The two top-tier public policy approaches to fighting climate change are:
- supporting green industries, practices, technologies, and infrastructure via subsidies, tax breaks, or mandates, and
- restricting and reducing GHGs via regulation.
The first is the carrot and the second is the stick. Most greens want to use some combination of the two, though they might quibble about the relative priority.
Gingrich’s big innovation is to insist that we should use the first but not the second — all carrots, no sticks. He wants us to fight with one hand tied behind our backs, not because of any plausible argument that regulation wouldn’t work in this particular case, but because he is ideologically opposed to regulations that restrict corporate profit-making.
You might say, "David, you’re just bashing Newt because he’s a conservative and you’re not."
No. Not so. Not at all.
You’ll note, for one thing, that neither policy approach is "conservative" insofar as conservative still means small-government/libertarian. In that sense, a conservative approach would be something like what Carl Pope (of Sierra Club) and Jerry Taylor (of Cato) wrote about here: removing all subsidies and internalizing all costs. I’m actually quite fond of that sort of solution.
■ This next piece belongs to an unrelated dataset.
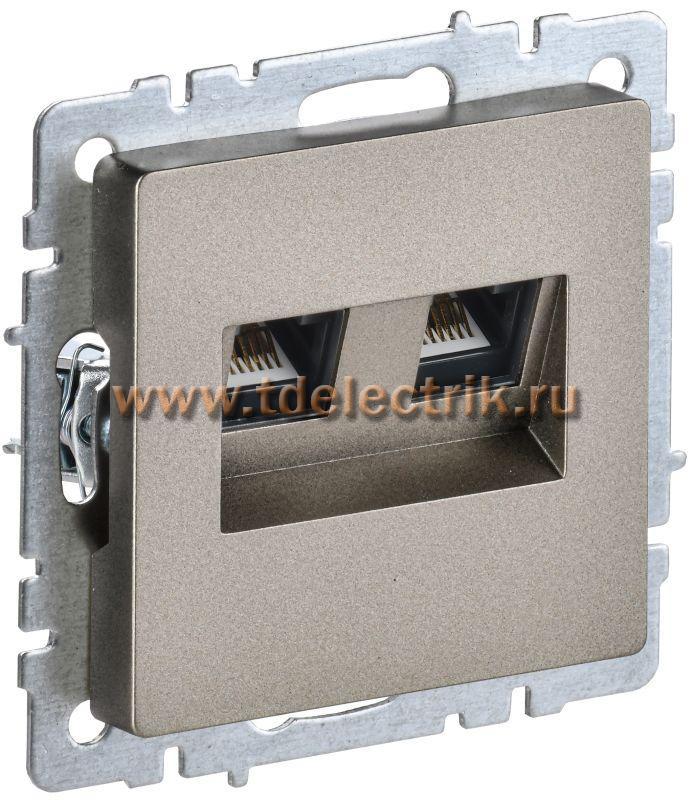 Фотография №1, BRITE Розетка двойная RJ11+RJ45 кат.5E РК/Т12-БрШ шамп. IEK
But no, what Gingrich recommends is, in Sean’s phrasing, pro-business, not pro-market. He wants to ladle out public money to favored corporations while shielding them from any regulations. This is, I’d add, the same approach to climate change advocated by Rudy Giuliani, Mitt Romney, and Fred Thompson — and to a greater extent than generally appreciated, Huckabee and McCain as well. This is what passes for conservative in today’s party of economic royalists, but it is not conservative in the original sense.
It leaves Gingrich with very little to offer beyond media-friendly rhetoric. Look at the answer he offers Sierra Magazine (in a roundtable well worth reading) on what the next president and Congress should do first:
Americans are concerned about global climate change, but they want legislation that does not expand the size and severity of federal control of business enterprise. American businesses want to be part of the solution, and they have good ideas that are being implemented. Our business community is already ahead of the American government, so government must become a facilitator of innovation. The federal government could enact creative legislation that keeps businesses on task as we work to develop clean and sustainable alternatives to petroleum. Americans will elect candidates who support real changes in energy policy and market-based innovations that will lead the world to import clean American technology.
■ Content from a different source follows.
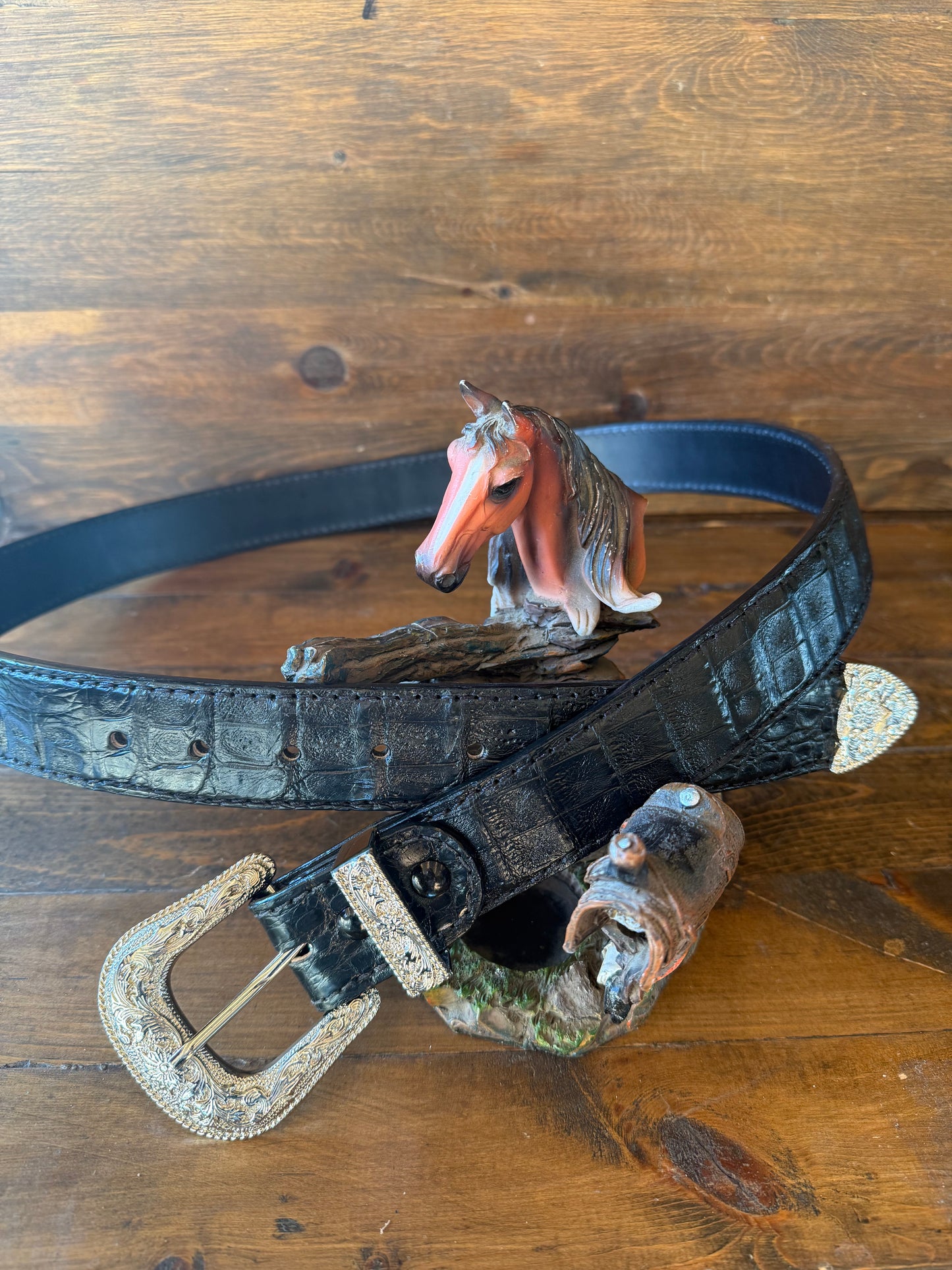 Black crocodile belt chrome/gold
Rhetorical fluff aside, it seems that "facilitator of innovation" is the key concept here, and in Gingrich’s mind, that translates to "dispensers of subsidies and tax breaks."
And just in case you missed the point, when asked about a carbon tax, Gingrich says:
Tax incentives will work better and faster than tax penalties. To dramatically change carbon emissions, the incentives need to be significant, essentially the most robust incentives we can afford. Such incentives are likely to work most effectively with advancing automotive technology.
In other words: hand-outs. Big hand-outs.
I’ve said it before and I’ll say it again: taking a two-pronged green strategy and cutting off one of the prongs does not demonstrate some clever, innovative new way for Republicans to address climate change. It’s how the Republican party operates on every single problem these days. If anything, it just demonstrates how incapable the crony capitalist party is at dealing with public policy issues of any real scope.